Reaction Kinetics of Gelled Acids With Calcite

Abstract

Abstract Hydrochloric acid is used to stimulate carbonate formations (both matrix and fracturing treatments). However, the reaction rate of the acid with carbonate minerals, especially calcite, is very fast. In addition, the viscosity of HCl solution is relatively low. Acid-soluble polymers are usually added to the acid to increase its viscosity, which is needed to enhance acid diversion during matrix acidizng and reduce acid leak-off rate during acid fracturing. Gelled acid is extensively used in matrix and acid fracturing treatments performed in carbonate formations. However, a few studies have evaluated the impact of these polymers on the reaction rate of the acid. This paper uses a rotating disk instrument to measure the reaction rate of gelled acids with calcite rocks. Measurements were conducted over a temperature range of 25 to 65°C, a pressure of 1,000 psi, and rotational speeds of 100 to 1,000 rpm. Acid formulations that are typically used in the field were examined. Polymer concentration was varied from 0.5 to 2 wt%. The apparent viscosity of the gelled acid was measured using a Brookfield viscometer. Measurements were done for the same solutions tested with the rotating disk instrument. The temperature was varied from 25 to 100°C, while the pressure was maintained at 300 psi.
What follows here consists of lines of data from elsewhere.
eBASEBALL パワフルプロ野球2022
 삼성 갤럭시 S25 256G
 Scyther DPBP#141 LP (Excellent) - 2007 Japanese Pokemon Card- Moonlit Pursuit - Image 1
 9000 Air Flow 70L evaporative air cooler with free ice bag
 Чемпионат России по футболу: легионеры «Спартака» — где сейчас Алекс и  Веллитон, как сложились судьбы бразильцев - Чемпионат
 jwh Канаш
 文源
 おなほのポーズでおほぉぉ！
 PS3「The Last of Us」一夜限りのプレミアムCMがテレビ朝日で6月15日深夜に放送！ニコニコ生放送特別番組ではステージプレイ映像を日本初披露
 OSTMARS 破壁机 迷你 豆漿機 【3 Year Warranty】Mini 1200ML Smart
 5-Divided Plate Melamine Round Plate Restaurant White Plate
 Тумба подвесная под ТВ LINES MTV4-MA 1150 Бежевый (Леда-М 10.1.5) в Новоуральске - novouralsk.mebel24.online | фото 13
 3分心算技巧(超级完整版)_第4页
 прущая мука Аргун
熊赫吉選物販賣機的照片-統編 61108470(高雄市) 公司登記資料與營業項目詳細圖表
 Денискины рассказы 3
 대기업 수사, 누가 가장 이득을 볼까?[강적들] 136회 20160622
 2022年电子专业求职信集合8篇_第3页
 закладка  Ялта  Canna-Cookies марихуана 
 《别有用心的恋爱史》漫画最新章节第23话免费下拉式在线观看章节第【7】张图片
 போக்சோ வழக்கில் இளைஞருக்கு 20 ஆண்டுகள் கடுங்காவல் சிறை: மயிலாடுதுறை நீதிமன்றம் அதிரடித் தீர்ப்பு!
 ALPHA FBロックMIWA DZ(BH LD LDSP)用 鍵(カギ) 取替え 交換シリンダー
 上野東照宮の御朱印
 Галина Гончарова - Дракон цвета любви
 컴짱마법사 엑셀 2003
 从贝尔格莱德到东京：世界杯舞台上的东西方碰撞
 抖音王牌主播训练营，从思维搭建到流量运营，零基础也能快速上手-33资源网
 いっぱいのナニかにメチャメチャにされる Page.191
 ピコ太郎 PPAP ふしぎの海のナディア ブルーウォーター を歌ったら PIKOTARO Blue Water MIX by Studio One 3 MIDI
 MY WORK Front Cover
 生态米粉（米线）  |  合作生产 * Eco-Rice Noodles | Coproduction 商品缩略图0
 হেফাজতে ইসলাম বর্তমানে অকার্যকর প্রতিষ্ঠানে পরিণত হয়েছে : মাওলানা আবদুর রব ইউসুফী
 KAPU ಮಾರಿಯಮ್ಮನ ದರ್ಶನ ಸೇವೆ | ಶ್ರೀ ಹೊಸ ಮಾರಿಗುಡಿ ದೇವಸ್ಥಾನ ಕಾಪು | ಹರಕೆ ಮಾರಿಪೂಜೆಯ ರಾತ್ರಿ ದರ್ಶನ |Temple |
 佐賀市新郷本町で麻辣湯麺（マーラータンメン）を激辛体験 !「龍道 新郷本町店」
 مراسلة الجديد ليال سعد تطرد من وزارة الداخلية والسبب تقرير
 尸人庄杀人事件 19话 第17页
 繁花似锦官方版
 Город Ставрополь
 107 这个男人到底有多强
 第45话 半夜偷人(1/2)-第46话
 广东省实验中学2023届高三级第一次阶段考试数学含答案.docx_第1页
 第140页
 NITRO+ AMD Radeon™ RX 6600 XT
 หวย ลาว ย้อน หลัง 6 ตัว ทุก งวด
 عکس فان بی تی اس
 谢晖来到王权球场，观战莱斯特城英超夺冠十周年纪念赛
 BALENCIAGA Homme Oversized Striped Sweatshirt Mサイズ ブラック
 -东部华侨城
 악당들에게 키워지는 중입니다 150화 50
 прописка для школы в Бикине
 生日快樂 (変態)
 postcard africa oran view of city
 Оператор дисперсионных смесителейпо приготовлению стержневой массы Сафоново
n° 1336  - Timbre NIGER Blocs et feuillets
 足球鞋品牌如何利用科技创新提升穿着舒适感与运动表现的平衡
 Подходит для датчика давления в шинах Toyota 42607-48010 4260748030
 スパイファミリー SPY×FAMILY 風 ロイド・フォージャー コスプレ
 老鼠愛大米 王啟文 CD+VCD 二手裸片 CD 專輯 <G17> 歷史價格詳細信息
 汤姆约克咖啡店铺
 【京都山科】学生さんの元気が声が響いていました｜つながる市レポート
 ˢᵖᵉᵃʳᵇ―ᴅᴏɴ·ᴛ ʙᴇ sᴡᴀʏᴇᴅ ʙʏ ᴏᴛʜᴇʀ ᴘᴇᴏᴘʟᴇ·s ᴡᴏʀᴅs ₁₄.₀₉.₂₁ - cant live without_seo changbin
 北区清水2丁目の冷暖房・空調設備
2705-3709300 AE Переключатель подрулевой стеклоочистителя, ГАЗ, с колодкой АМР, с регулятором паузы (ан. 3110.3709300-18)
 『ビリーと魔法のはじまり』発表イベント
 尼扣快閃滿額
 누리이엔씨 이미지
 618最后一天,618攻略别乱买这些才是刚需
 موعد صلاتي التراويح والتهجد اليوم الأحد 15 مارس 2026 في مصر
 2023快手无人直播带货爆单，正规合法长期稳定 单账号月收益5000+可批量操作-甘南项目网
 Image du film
The shear rate was varied from 57 to 1,700 s−1. The results obtained indicated that the apparent viscosity increased notably as the concentration of polymer increased from 0.5 to 1.5 wt%. On the other hand, there is significant decrease in the dissolution rates as the concentration of polymer was increased from 0.5 to 1.5 wt%, where there was no measure difference as the concentration increased to 2 wt%. Reverse and toroidal flows were noted within the rotational spends examined. The etching pattern on the surface of the disk depends, among other factors, on the disk rotational speed and polymer concentration. The dissolution rate was found to be a function of temperature, rotational spend and polymer concentration.